▸ **Source records**
──────

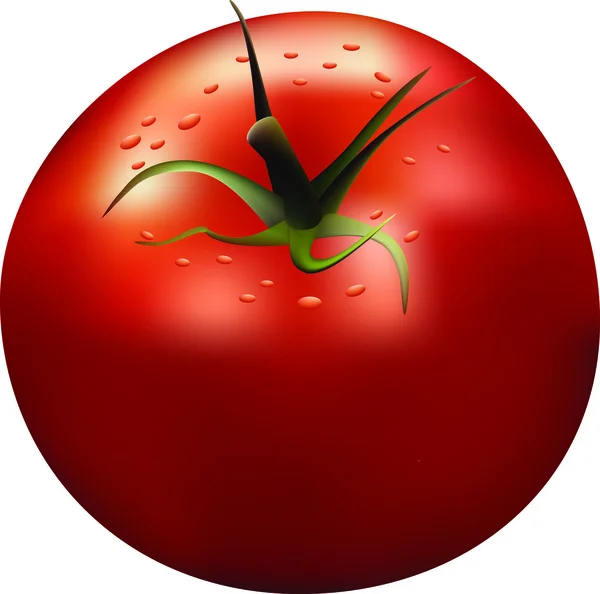 Reife Tomate. — Stockvektor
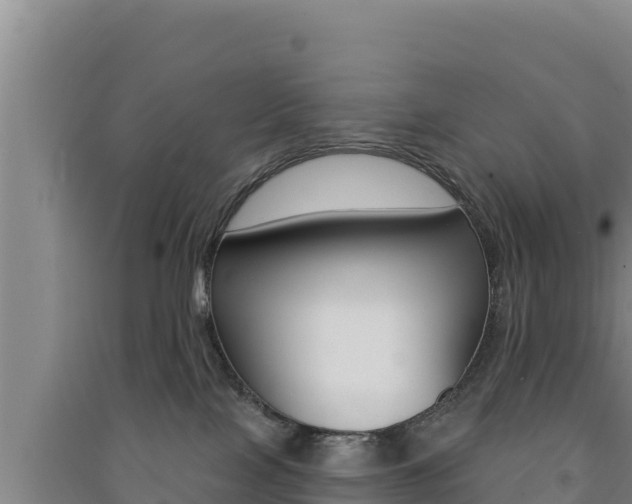 X0000091560089200708171110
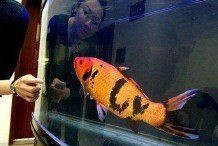 錦鯉養什么顏色最吉利【紅白錦鯉養什么顏色最吉利】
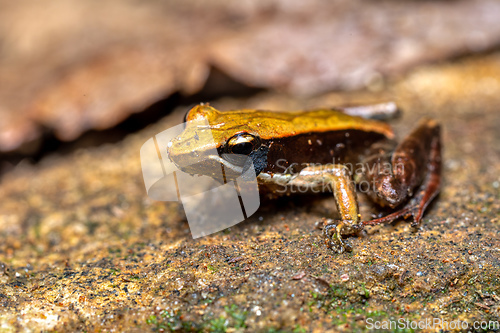 Image of Mantidactylus melanopleura, Andasibe-Mantadia National Park, Madagascar wildlife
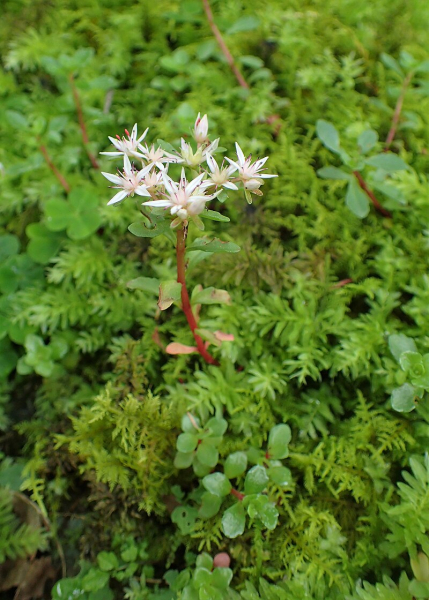 Pflanzenbild gross Ausläuferbildendes Fettkraut - Sedum stoloniferum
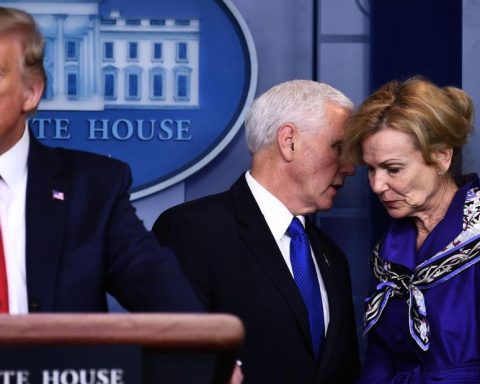 birx pence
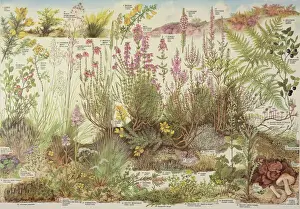 Domestic Dog In Nature Drucke: Heathland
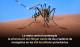 Realizarán Jornada Nacional de lucha contra el Chikungunya y el Dengue 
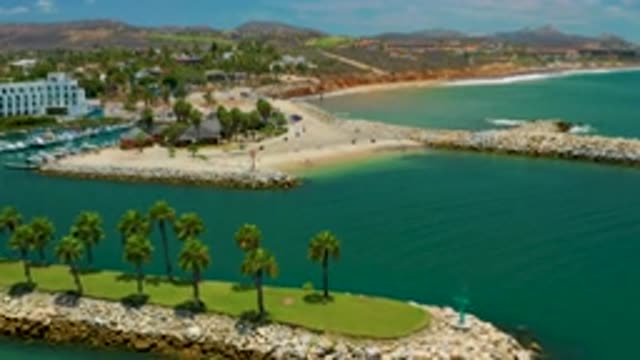 SAN JOSE DEL CABO MEXICO-2020: Tall Green Trees Arranged on the Lawn Near White Buildings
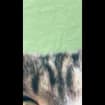 listing-video-2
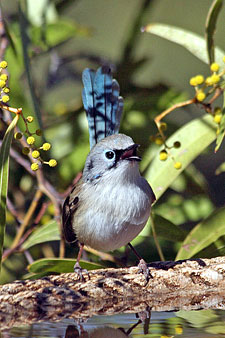 Variegated Fairywren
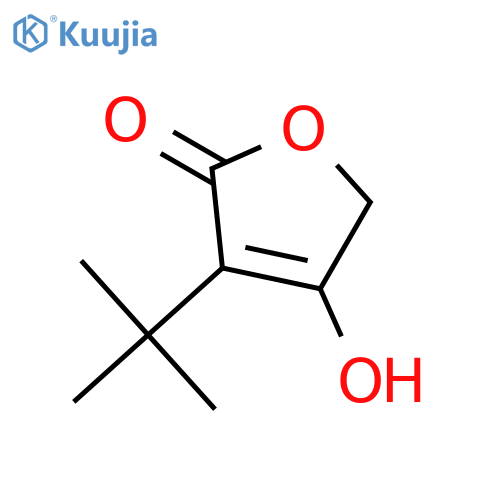 3-Tert-butyl-4-hydroxyfuran-2(5H)-one structure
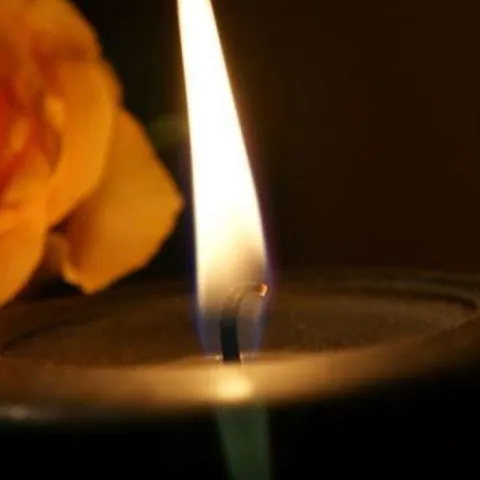 Dan žalosti (Ilustracija)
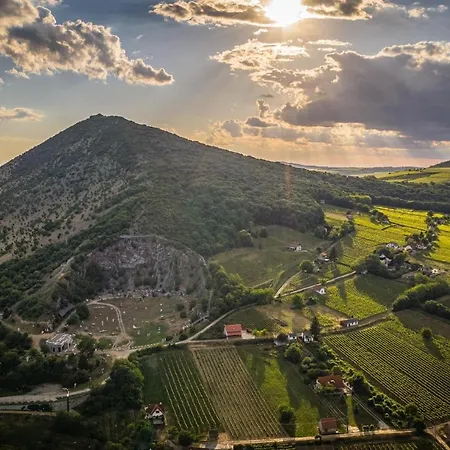 Guest house Boraszporta - Preshaz Villany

──────

▸ **Requirement**
Quote exactly, and nothing besides, the lines from the one with "Domestic Dog In Nature Drucke: Heathland" through the end of the records above; include both ends and omit the pictures.

▸ **Written answer**
 Domestic Dog In Nature Drucke: Heathland
 Realizarán Jornada Nacional de lucha contra el Chikungunya y el Dengue 
 SAN JOSE DEL CABO MEXICO-2020: Tall Green Trees Arranged on the Lawn Near White Buildings
 listing-video-2
 Variegated Fairywren
 3-Tert-butyl-4-hydroxyfuran-2(5H)-one structure
 Dan žalosti (Ilustracija)
 Guest house Boraszporta - Preshaz Villany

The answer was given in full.